<<<<

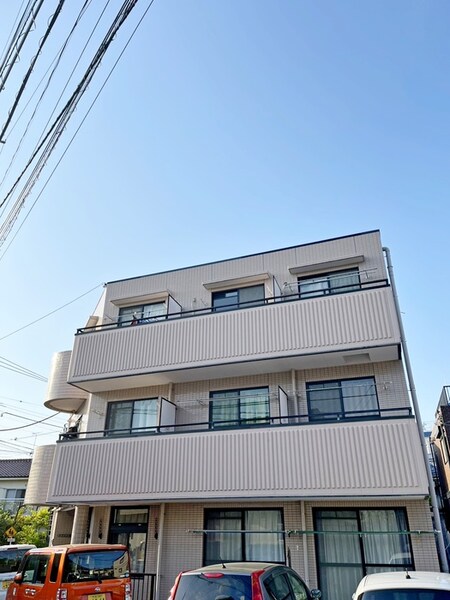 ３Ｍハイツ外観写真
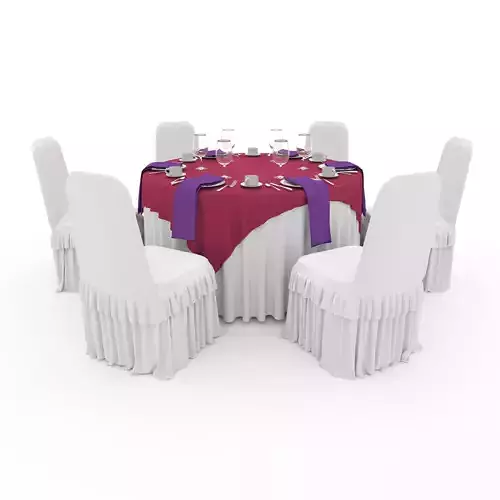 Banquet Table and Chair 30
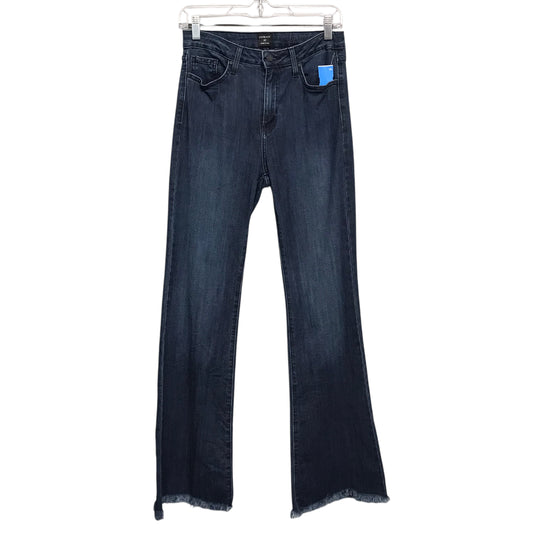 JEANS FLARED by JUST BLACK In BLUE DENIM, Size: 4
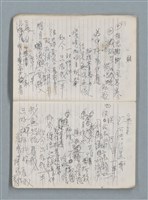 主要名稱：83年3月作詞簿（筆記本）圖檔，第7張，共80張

>>>>
<<<<

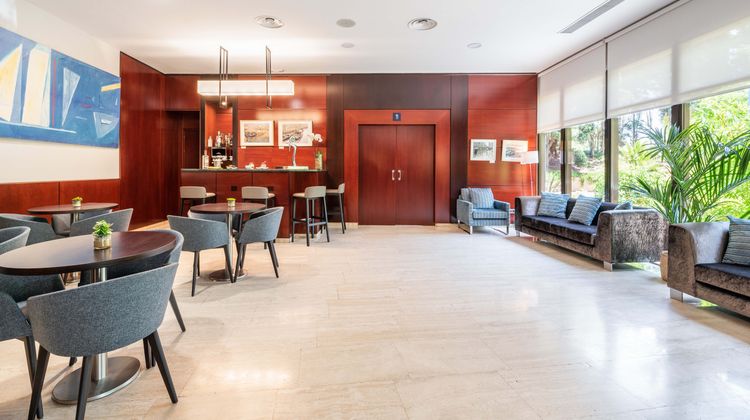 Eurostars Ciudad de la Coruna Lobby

>>>>
<<<<

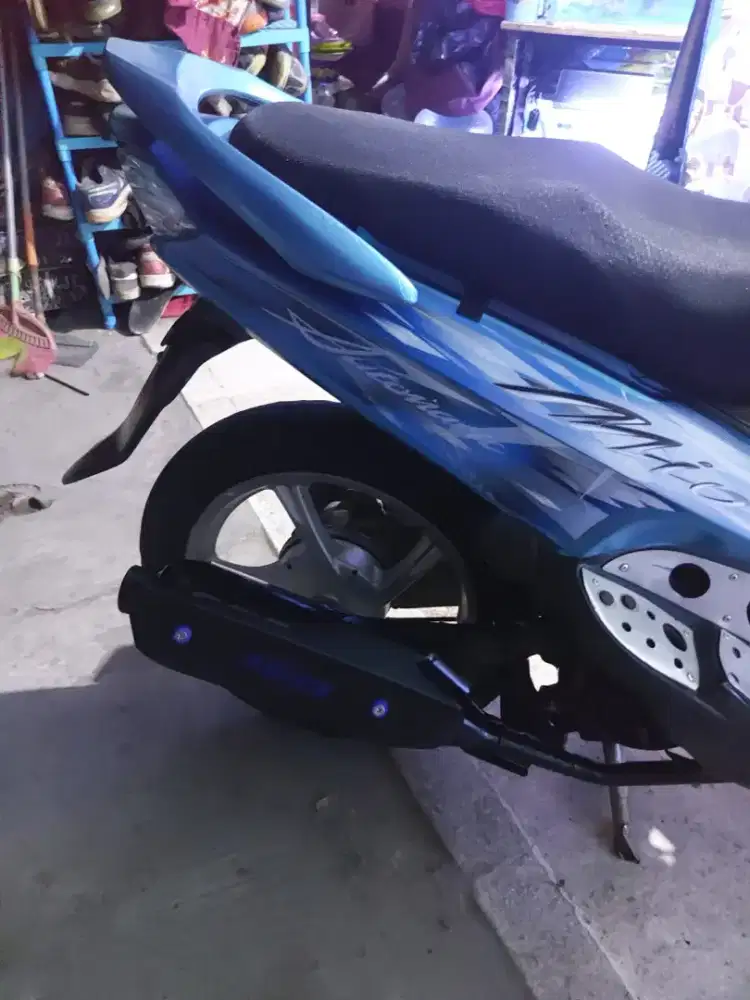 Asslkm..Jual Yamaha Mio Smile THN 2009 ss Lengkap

>>>>

:: Your assignment ::
Print the line above containing "Banquet Table and Chair 30", the line containing "主要名稱：83年3月作詞簿（筆記本）圖檔，第7張，共80張", and everything between them, exactly as written. Pictures stay out.

:: Task answer ::
 Banquet Table and Chair 30
 JEANS FLARED by JUST BLACK In BLUE DENIM, Size: 4
 主要名稱：83年3月作詞簿（筆記本）圖檔，第7張，共80張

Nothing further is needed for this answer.